**WHAT TO WORK ON**
What is needed is an exact copy of the data below, pictures excluded.

**RECORDED DATA**
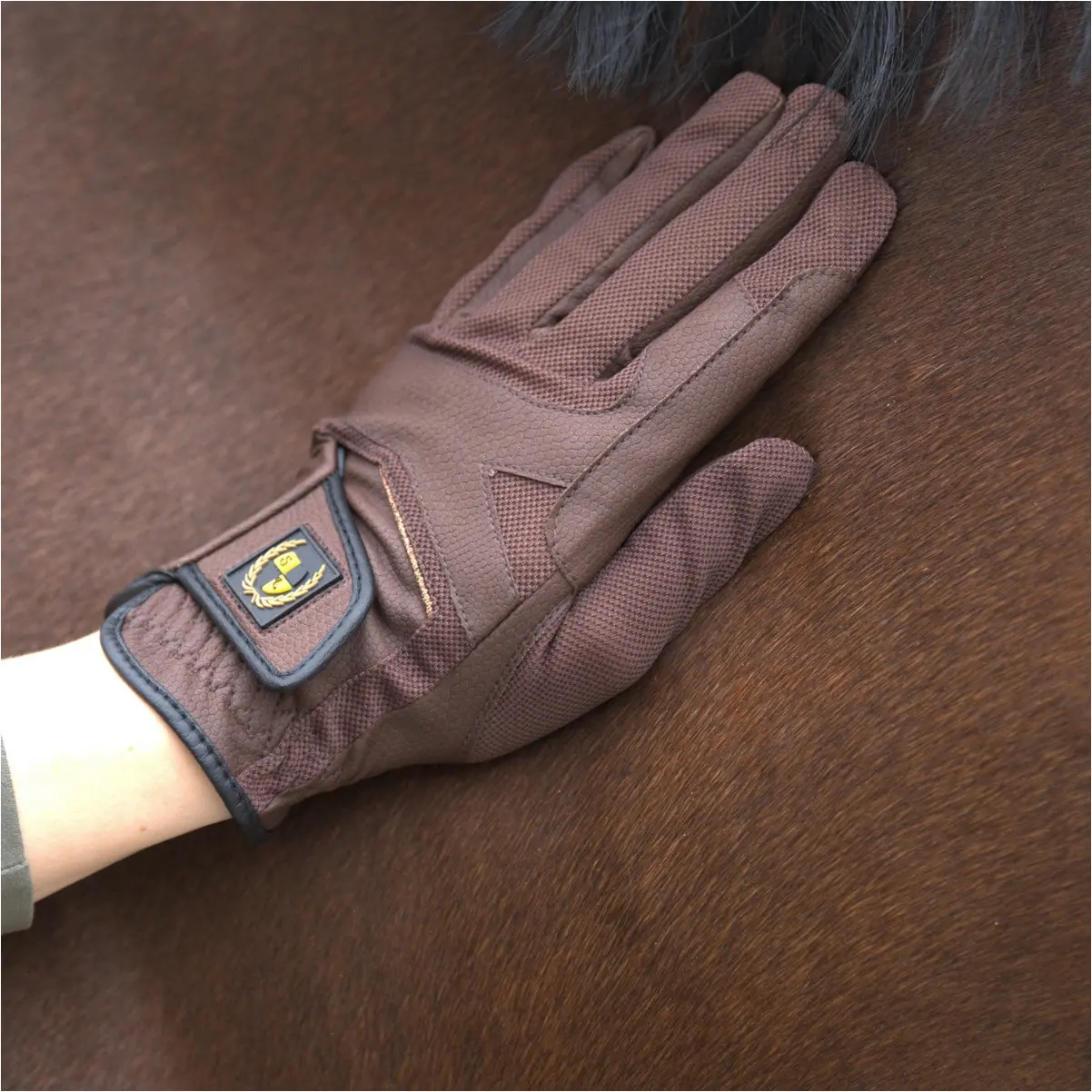 Reithandschuhe AIR braun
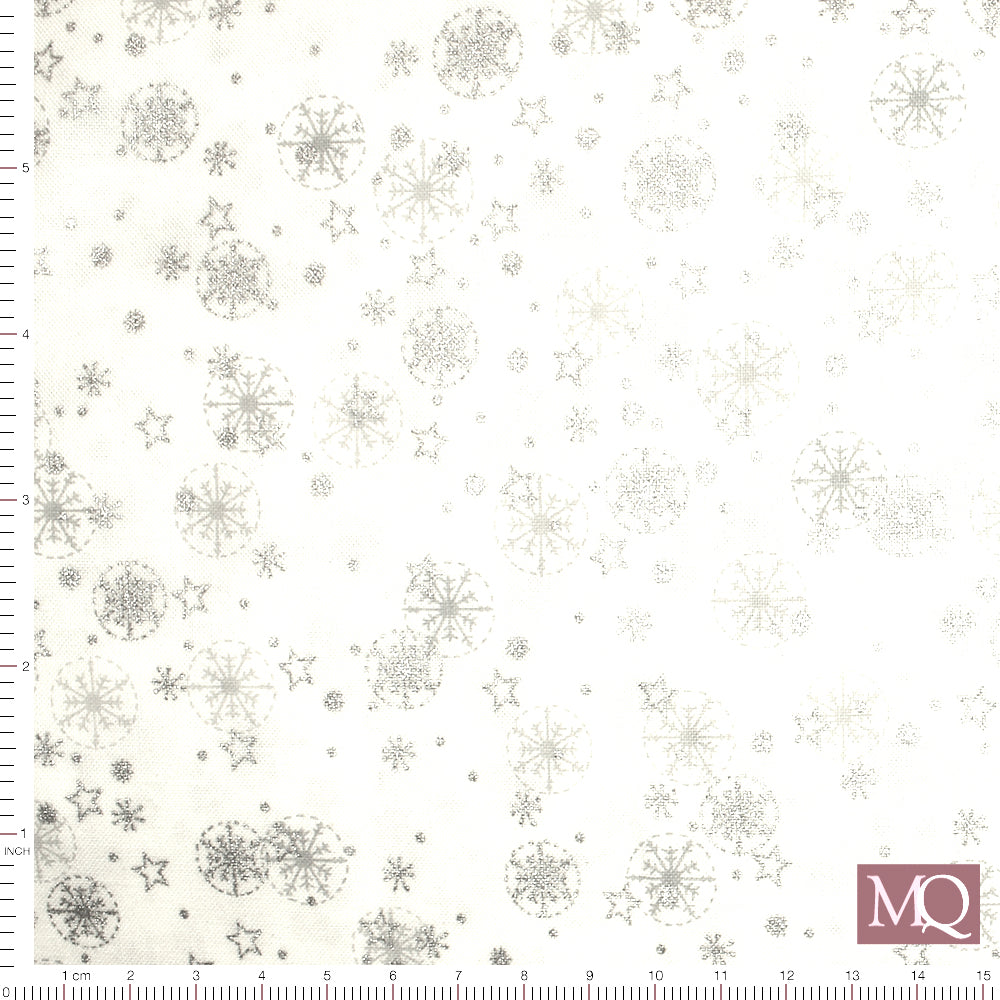 Frosty Snowflake by Stof - Silver on white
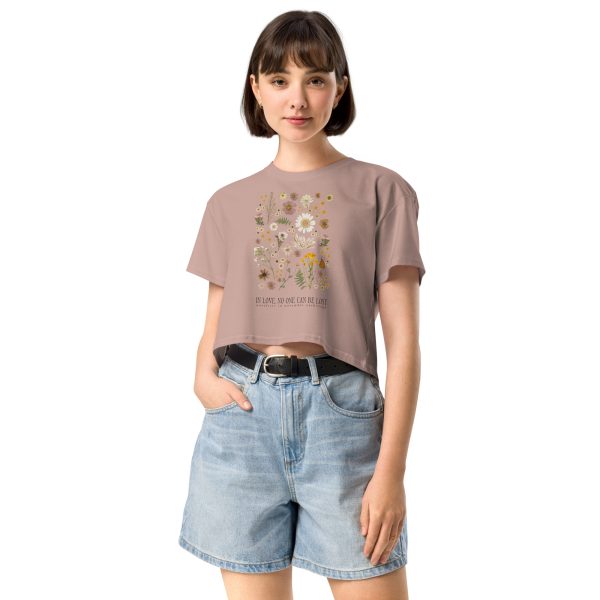 In Love, No One Can Be Lost Women's Crop Top - Image 5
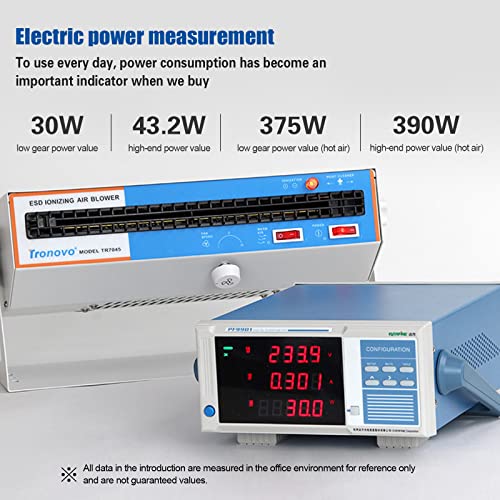 Yiyibyus Ionizing Air Blower, Anti-Static Ionizer Desktop Ion Fan 110V Discharge Static Eliminator Tool Adjustable Wind Power Electrostatic Static Discharge Ionizer Static Eliminator Fan Esd Ionizer Fan thumb #5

**RESULT OF THE EXERCISE**
 Reithandschuhe AIR braun
 Frosty Snowflake by Stof - Silver on white
 In Love, No One Can Be Lost Women's Crop Top - Image 5
 Yiyibyus Ionizing Air Blower, Anti-Static Ionizer Desktop Ion Fan 110V Discharge Static Eliminator Tool Adjustable Wind Power Electrostatic Static Discharge Ionizer Static Eliminator Fan Esd Ionizer Fan thumb #5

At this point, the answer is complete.